In effetti l’Europa di Spinelli e compagni è oligarchica e mondialista, vuole superare le differenze nazionali e non è pensata come il coronamento di un’unità di popoli europei, basata sui loro caratteri comuni (etnici, culturali, religiosi), ma come l’embrione di una futura aggregazione di livello mondiale, che elimini definitivamente da tutta la faccia della terra ogni confine, ogni differenza culturale e che riunisca tutti i popoli del mondo. Insomma, l’Europa del Manifesto è solo un primo passo di una struttura che dovrebbe preludere ad un internazionalismo indifferenziato ed uniforme con un governo globale mondialista.
È la visione, per essere ancora più chiaro, di un insieme di tutti i popoli che costituiscono l’umanità, di cui la federazione europea dovrebbe essere il primo passo in attesa che diventi possibile l’unità politica dell’intero globo. Risulta chiaro pertanto l’impostazione antinazionale di tutto il progetto.
Basta leggere bene tutto il documento: nella prima parte del Manifesto si sostiene che gli Stati nazionali sono stati uno strumento utile a ridurre il potere reazionario del Vaticano, ma poi sono diventati gli artefici di nazionalismi e totalitarismi; sono stati una tappa, che è da superare in vista di una sempre più grande aggregazione statale, prima europea e poi mondiale.
Nessun riferimento alla comune identità europea, alla cultura, alle tradizioni, alla religione che hanno costituito la storia del Continente europeo è rilevabile all’interno del freddo e burocratico manifesto spinelliano.

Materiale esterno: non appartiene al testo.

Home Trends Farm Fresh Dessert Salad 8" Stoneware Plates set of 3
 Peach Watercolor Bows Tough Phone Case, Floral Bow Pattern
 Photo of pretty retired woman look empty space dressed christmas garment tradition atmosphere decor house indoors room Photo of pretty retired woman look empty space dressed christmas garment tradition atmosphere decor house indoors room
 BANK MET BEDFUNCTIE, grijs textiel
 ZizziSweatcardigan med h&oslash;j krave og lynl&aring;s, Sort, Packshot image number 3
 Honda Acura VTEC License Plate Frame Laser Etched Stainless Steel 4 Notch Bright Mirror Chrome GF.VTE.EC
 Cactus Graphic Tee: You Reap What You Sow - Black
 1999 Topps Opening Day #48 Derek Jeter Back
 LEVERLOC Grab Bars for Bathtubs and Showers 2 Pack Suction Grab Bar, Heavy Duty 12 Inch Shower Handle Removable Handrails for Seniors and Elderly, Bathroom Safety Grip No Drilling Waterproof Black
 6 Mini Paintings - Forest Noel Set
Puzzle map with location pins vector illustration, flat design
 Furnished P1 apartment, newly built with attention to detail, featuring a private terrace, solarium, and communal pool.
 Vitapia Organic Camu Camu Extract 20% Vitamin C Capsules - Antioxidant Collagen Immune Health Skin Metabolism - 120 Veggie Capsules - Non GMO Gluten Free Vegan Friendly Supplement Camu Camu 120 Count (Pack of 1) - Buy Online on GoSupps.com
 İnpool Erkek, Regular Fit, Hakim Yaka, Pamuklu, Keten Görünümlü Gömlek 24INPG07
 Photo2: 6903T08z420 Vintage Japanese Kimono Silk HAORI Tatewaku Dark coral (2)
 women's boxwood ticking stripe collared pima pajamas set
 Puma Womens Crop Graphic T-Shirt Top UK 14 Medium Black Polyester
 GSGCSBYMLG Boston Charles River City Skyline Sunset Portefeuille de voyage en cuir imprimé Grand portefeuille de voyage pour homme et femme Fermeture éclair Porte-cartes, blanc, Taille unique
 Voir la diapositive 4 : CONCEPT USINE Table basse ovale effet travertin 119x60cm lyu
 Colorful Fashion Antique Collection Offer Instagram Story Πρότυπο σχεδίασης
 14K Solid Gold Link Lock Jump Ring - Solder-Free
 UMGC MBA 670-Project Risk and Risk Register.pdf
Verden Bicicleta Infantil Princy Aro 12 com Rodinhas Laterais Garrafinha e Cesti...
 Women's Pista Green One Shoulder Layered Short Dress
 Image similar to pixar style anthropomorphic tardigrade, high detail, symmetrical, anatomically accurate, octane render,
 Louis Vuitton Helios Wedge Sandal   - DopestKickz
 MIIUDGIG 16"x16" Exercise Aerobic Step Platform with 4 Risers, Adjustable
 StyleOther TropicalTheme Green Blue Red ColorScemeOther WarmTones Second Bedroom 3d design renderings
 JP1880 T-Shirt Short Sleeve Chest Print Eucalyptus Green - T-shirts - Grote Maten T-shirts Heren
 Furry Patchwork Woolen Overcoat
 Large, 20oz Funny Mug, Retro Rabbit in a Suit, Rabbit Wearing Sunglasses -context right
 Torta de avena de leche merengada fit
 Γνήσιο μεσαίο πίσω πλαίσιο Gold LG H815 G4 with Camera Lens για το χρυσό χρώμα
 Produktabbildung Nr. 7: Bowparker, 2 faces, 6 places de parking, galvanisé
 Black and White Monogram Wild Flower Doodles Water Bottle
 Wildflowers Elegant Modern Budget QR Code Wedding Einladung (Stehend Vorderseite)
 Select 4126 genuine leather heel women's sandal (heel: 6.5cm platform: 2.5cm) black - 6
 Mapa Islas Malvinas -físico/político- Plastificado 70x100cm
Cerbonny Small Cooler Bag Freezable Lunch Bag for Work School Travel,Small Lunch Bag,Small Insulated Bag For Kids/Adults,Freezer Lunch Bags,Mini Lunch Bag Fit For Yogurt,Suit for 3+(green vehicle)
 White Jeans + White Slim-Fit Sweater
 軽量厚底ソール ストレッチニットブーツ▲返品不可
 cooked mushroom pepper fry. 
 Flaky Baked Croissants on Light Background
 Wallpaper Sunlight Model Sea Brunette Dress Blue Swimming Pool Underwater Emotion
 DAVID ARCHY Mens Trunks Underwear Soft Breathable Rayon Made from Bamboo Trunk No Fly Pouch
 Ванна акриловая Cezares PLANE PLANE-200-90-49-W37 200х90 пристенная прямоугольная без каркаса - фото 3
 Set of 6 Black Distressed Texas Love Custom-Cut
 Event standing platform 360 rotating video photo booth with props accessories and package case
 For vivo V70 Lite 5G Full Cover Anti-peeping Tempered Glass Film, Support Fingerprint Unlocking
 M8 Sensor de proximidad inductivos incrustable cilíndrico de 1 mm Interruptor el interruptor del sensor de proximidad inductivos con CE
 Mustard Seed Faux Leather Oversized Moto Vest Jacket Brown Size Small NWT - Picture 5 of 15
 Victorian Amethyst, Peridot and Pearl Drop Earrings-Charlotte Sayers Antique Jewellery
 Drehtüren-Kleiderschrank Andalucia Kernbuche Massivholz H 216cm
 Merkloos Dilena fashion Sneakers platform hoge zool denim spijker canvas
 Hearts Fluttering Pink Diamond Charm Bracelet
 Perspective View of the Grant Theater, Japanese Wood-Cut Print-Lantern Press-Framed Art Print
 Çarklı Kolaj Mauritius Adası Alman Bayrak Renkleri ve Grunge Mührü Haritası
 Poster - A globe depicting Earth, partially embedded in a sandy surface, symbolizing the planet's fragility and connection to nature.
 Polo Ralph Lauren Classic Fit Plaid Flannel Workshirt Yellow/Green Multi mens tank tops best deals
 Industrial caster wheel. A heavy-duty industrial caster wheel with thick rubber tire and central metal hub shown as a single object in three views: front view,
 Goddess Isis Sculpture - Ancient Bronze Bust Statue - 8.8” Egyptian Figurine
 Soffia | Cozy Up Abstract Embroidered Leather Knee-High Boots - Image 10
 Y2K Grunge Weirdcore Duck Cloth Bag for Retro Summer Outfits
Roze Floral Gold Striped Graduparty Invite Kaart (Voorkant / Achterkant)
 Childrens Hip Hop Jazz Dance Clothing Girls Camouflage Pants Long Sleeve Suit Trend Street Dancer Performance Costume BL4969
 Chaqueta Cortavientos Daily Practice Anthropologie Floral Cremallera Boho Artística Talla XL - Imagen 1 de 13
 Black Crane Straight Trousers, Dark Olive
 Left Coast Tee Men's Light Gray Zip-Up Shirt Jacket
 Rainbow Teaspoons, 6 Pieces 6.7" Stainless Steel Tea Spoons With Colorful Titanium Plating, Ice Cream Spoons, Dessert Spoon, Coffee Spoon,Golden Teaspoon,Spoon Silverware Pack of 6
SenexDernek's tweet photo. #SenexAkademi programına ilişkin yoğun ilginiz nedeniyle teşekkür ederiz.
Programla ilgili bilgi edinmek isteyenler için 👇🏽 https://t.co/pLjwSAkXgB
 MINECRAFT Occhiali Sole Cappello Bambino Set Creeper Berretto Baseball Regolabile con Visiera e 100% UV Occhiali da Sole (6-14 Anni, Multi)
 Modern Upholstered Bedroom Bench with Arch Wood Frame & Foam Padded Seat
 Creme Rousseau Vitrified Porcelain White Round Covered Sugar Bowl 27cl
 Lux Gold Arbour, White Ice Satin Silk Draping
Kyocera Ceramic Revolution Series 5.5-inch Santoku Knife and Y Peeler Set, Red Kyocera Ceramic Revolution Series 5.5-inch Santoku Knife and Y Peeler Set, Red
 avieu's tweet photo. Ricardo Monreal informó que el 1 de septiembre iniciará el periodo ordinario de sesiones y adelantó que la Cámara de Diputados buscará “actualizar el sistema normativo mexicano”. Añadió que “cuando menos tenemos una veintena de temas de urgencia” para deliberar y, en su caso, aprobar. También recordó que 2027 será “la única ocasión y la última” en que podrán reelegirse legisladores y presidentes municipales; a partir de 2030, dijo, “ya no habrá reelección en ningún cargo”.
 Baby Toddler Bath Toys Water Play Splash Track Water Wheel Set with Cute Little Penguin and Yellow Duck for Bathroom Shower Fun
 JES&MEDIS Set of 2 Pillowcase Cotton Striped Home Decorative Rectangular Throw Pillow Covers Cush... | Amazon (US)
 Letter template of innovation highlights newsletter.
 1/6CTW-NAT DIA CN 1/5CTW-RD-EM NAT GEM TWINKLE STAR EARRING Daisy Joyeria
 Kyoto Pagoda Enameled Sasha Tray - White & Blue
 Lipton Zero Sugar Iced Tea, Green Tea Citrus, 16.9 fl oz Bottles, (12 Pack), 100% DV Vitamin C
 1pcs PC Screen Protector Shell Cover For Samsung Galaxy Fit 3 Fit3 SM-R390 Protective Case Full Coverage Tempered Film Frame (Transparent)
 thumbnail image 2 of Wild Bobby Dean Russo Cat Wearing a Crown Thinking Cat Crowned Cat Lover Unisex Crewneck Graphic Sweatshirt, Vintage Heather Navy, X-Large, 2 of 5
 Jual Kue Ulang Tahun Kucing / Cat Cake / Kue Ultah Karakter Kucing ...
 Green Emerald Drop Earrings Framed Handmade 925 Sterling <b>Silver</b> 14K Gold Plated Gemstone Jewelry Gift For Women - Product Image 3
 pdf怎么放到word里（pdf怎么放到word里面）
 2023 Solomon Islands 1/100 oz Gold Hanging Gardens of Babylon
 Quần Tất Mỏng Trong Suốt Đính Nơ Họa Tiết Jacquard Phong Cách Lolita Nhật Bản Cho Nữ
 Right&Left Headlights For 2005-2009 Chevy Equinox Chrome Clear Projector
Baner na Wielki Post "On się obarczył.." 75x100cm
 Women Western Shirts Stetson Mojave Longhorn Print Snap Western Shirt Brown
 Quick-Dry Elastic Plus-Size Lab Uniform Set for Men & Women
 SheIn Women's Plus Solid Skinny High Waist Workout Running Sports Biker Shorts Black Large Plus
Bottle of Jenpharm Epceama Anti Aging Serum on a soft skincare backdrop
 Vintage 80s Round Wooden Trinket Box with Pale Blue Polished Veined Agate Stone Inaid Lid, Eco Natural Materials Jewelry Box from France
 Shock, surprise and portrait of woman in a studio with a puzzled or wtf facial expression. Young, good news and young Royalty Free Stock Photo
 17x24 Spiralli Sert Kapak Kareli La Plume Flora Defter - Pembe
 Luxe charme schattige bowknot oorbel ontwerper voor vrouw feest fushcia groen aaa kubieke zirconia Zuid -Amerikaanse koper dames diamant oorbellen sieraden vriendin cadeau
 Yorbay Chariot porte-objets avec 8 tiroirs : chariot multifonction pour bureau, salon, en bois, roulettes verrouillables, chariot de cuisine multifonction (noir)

Ancora, considerata la religione come fattore di oscurantismo, con la fratellanza universale (la eco di un’ispirazione massonica è facilmente identificabile) che ignora le differenze tra i popoli, il Manifesto di Ventotene ha, inoltre, un sapore oligarchico: Spinelli critica il processo democratico e la sovranità popolare e chiarisce che deve essere una minoranza “veramente rivoluzionaria” a guidare il processo di integrazione europea.
In pratica Altiero Spinelli avrebbe voluto alla guida della futura Unione Europea un organismo indipendente, senza legittimità democratica, non eletto, competente (i migliori di oggi), in una parola, un organismo tecnocratico... sembra quasi (ahimè) l’attuale Commissione Europea.
Mi chiedo se molti di coloro che parlano spesso del Manifesto di Ventotene lo abbiano mai letto nella sua integralità e se non sia il caso di aprire finalmente, al di là di ogni pregiudizio di parte ed ideologico, una riflessione seria ed approfondita.